Directions » Repeat, please, exactly the lines from the one that has "Ilustrasi memasang kawat" through the end of the records below, with pictures dropped.
[Information supplied — start]
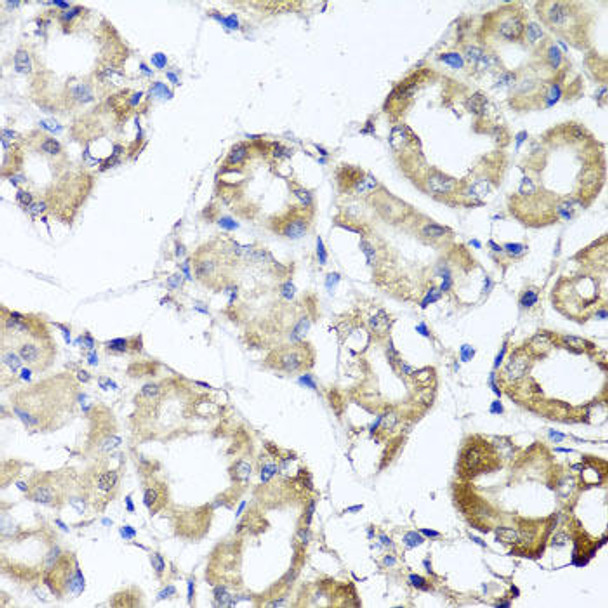 Cell Biology Antibodies 10 Anti-MGAT1 Antibody CAB6387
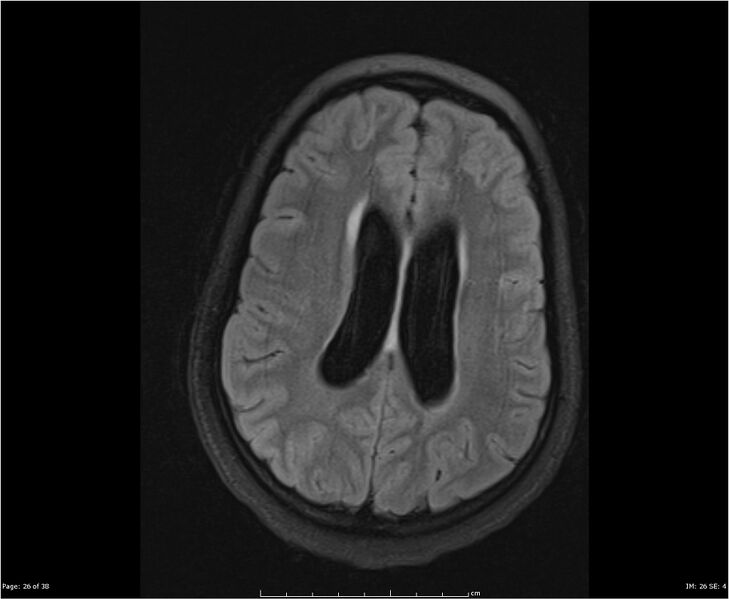 File:Brainstem glioma (Radiopaedia 21819-21775 Axial FLAIR 26).jpg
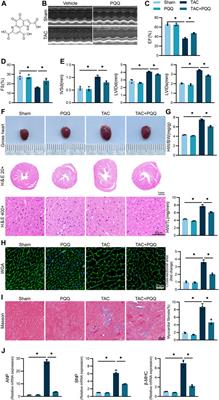 Pyrroloquinoline quinone modulates YAP-related anti-ferroptotic activity to protect against myocardial hypertrophy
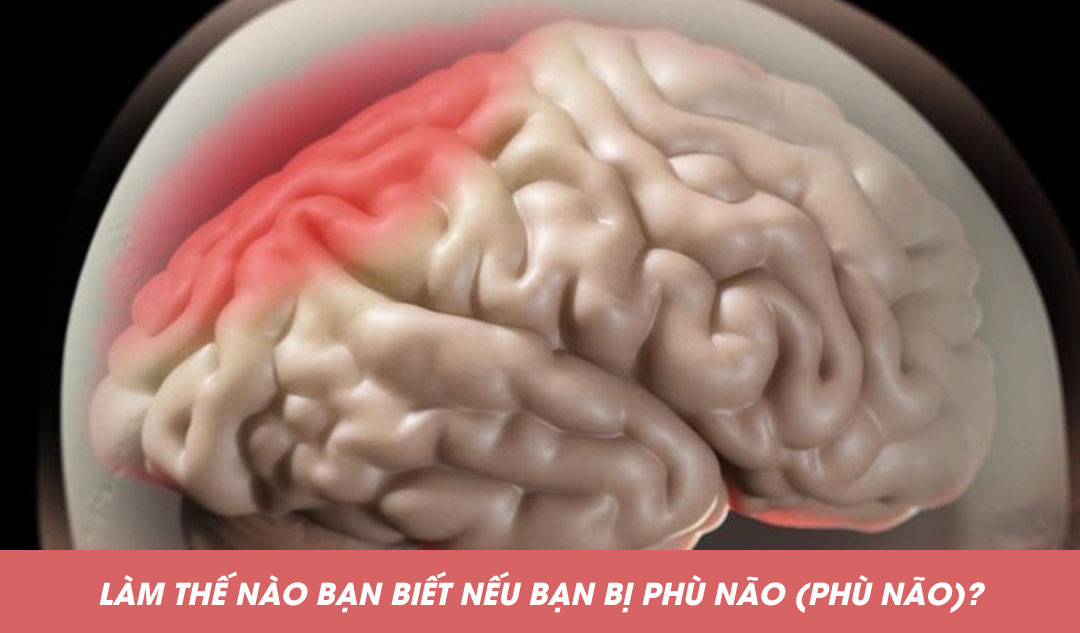  Làm thế nào bạn biết nếu bạn bị phù não (phù não)?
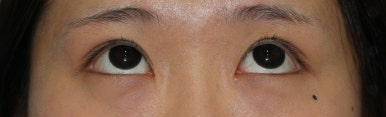 17세 여성, 쌍꺼풀+앞트임(DEO+Medial epicanthoplasty) 관련 이미지 31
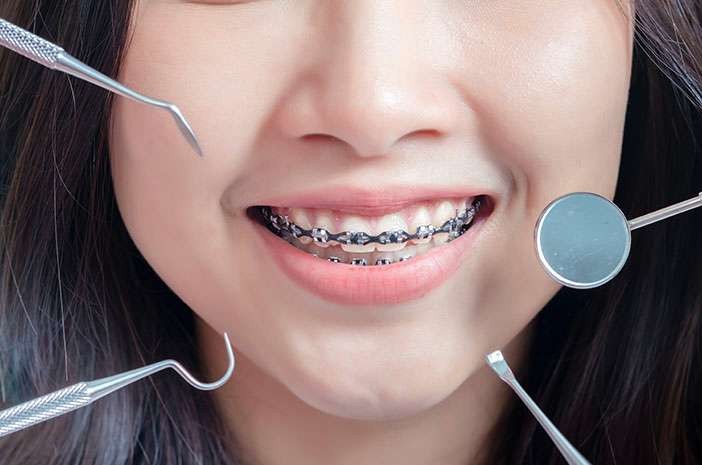 Ilustrasi memasang kawat gigi bisa memicu kondisi gusi bengkak. (Foto: Istimewa)
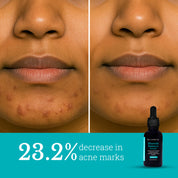 Blemish Balance Serum | Reduces Hyperpigmentation and Acne Marks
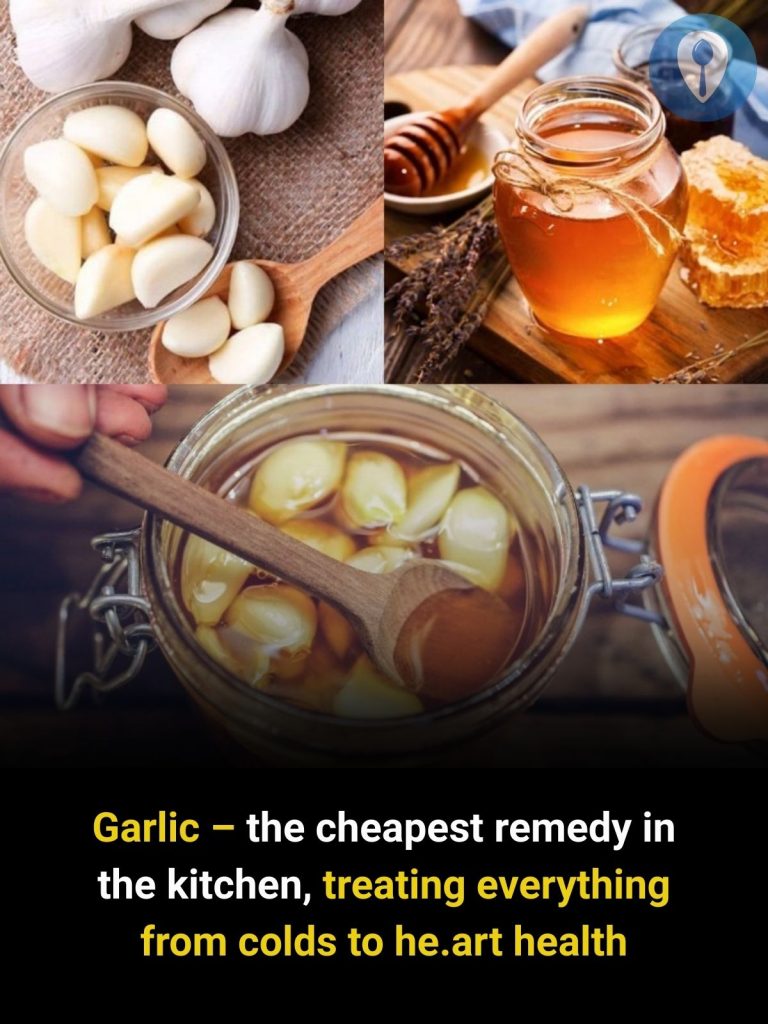 Garlic – the cheapest remedy in the kitchen, treating everything from colds to he.art health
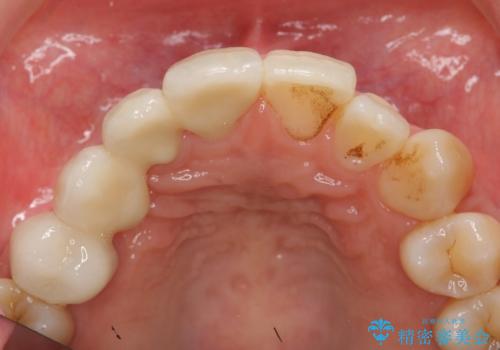 前歯の虫歯 とりあえずつけていた歯がとれたの治療後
[Information supplied — finish]
Task answer »
 Ilustrasi memasang kawat gigi bisa memicu kondisi gusi bengkak. (Foto: Istimewa)
 Blemish Balance Serum | Reduces Hyperpigmentation and Acne Marks
 Garlic – the cheapest remedy in the kitchen, treating everything from colds to he.art health
 前歯の虫歯 とりあえずつけていた歯がとれたの治療後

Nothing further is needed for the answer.